Well my first customer has come in and brought two guitars an SG Classic for a setup and a Heritage H535 for the same thing. The SG setup fine and he was happy with it. The heritage was brought in when he picked up his SG so I am in the middle of working on it. The neck on this guitar had a ton of relief as well as a poorly cut nut(I guess Heritage learned from Gibson how to cut their nuts). I told the customer that I'd setup the instrument and dress the nut so, the first thing I do is dress the nut and polish the slots to alleviate the pinching at the nut. Long story short I go to setup the instrument only to find out the neck has a a serious issue that needs to be corrected. When the truss rod is tightened the neck develops a a buzz on the first three frets most notably on the high e while the rest of the neck still retains some relief. On top of that the radius of the fingerboard is all over the place and no where near the 12" radius that it should be. I know that without question there is no way to setup the instrument to my satisfaction without planing the fingerboard and re-fretting it.

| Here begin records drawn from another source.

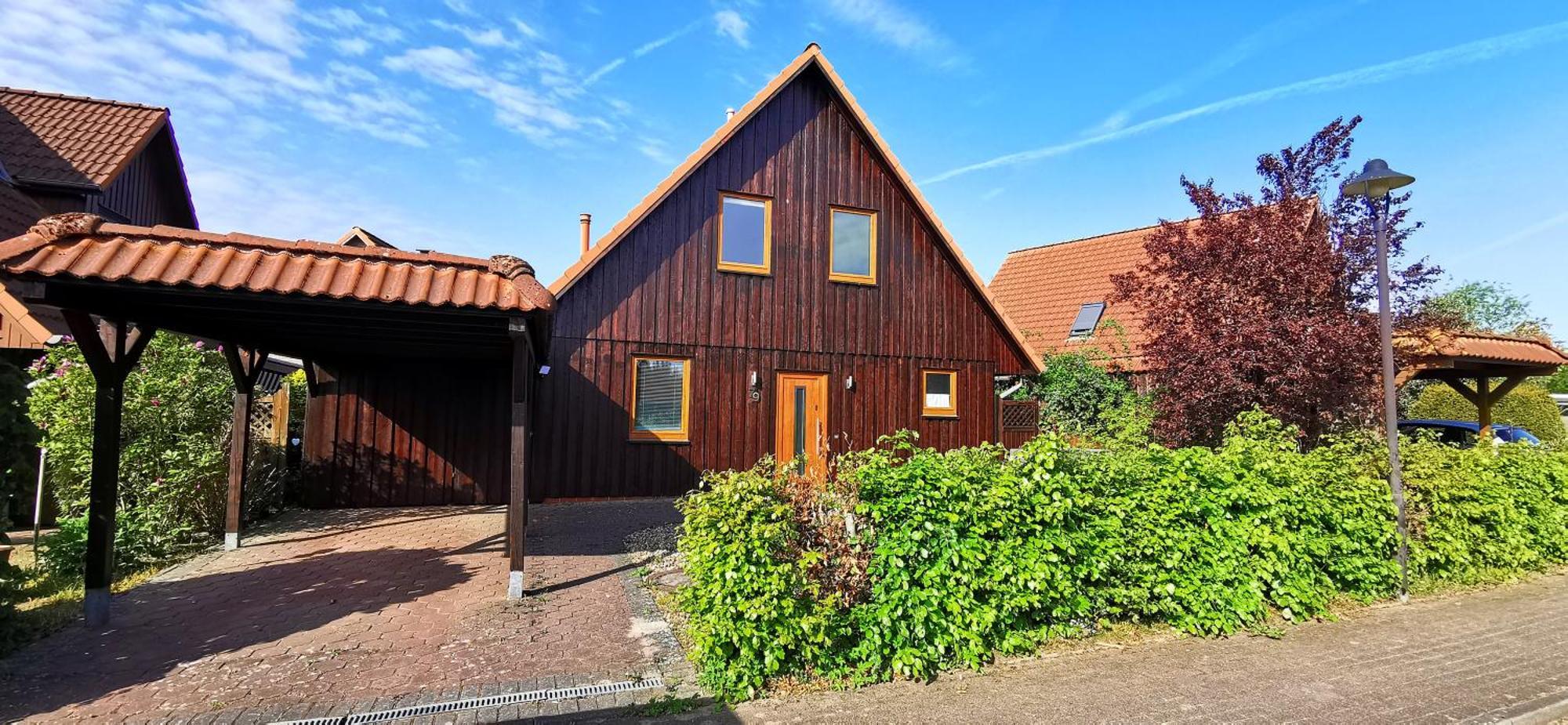 Ferienhaus Heidegeist ゾルタウ エクステリア 写真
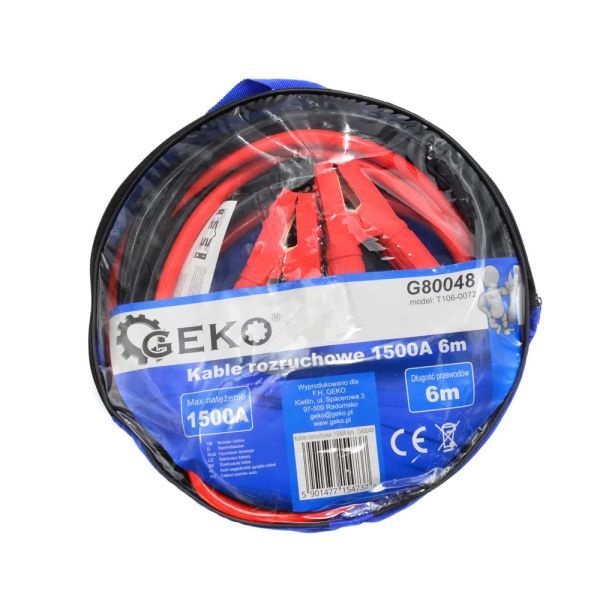 Startovací kabely 1500A 6m GEKO G80048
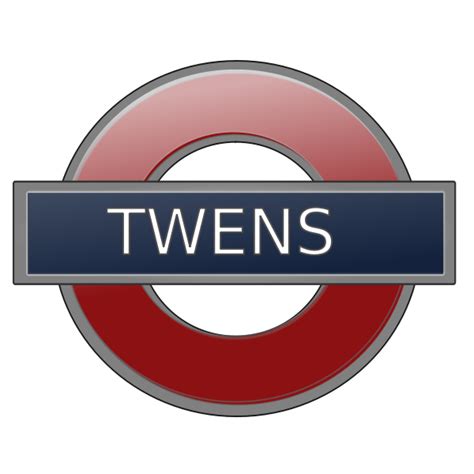 London Underground Station Sign For Twens Vector Illustration Free Svg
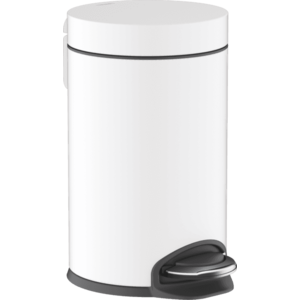 Hansgrohe AddStoris - Odpadkový kôš nášľapný, biela matná 41775700 vyobraziť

So my question is, how should I go about this? The cynic in me is telling me that this guy is probably going to think that I'm new in own and either don't know what I'm doing or trying to taking him for a $300+ ride. I will have him come in so I can show him what's going on, but I generally feel that people have a lack of trust for individuals in any repair profession and really want to make a good impression with my first client.
In the example that I provided the gutiar was taken in by sales people.
But I have to respectfully disagree that seasoned pros are not going to miss something at times. We are all human and the plethora of things that may slip by us upon an initial triage of the instrument are likely infinite... For example what about the all-too-common ski ramps on Fender style bolt on necks. We all know they are there but if this limitation is going to prevent a proper set-up when we are speaking of perhaps .010" that the extension frets may be too proud - how can we know that a fret dress is absolutely necessary until some attempt to set the thing up to the player's liking is done first?
Another case in point that I can think of, and there are many things that I can think of that may not be caught upon the initial inspection is the Martin 15 series with that incredibly stupid glued mortise and tenon neck joint. The joint commonly fails and we are left with the only thing holding the neck on, and not very well, is the single bolt that was designed only to hold the neck in place while the glue in the ill advised joint cures.
Do we tell the client that it will likely need a neck reset when perhaps, just perhaps, simply removing the wooden plate hiding access to the bolt and tightening the bolt will pull the neck back into the proper geometry? Or, as is often the case, the upper bout has distorted and even cranking the bolt will not provide a proper neck angle and the gutiar really does need to have the neck reset.
How can one know at the time of inspection/intake without further exploration and/or actually doing most of the work?
Again my examples of other service providers who may uncover more serious issues during what is seemingly a routine job comes to mind. In my opinion we are not immune to this either and my guess is that many of us fairly frequently find issues that were not brought up by the client or caught in the inspection.
Until such time as how guitars fail becomes infinitely predictable and clients are more knowledgeable and in some cases more forthcoming with information... whomever is estimating the work and the need for the work may miss something that cannot possibly be caught upon an initial inspection. Does this make resolving what ever other issues pop up on us? Not in my thinking...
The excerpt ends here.